All types are fully qualified if r has been name resolved.

Sample output: "(int, javafe.tc.TypeSig, char[])"

Precondition: PrettyPrint.inst, and r non-null.


getName

public java.lang.String getName(RoutineDecl r)
Returns the user-readable name for a RoutineDecl.

Either of the form "method ()" or the form "constructor ()".

All argument types are fully qualified if r has been name resolved.

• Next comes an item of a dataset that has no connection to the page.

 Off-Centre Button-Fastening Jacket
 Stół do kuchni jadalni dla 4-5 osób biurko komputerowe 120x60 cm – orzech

The method/constructor name is not qualified.

Precondition: PrettyPrint.inst, and r non-null.


getRoutineName

public java.lang.String getRoutineName(RoutineDecl r)
Returns the user-readable simple name for a RoutineDecl.

Precondition: r non-null.


canAccess

public boolean canAccess(TypeSig from,
                         TypeSig target,
                         int modifiers,
                         ModifierPragmaVec pmodifiers)
Can a member of type target with modifiers modifiers/pmodifiers be accessed by code located in from?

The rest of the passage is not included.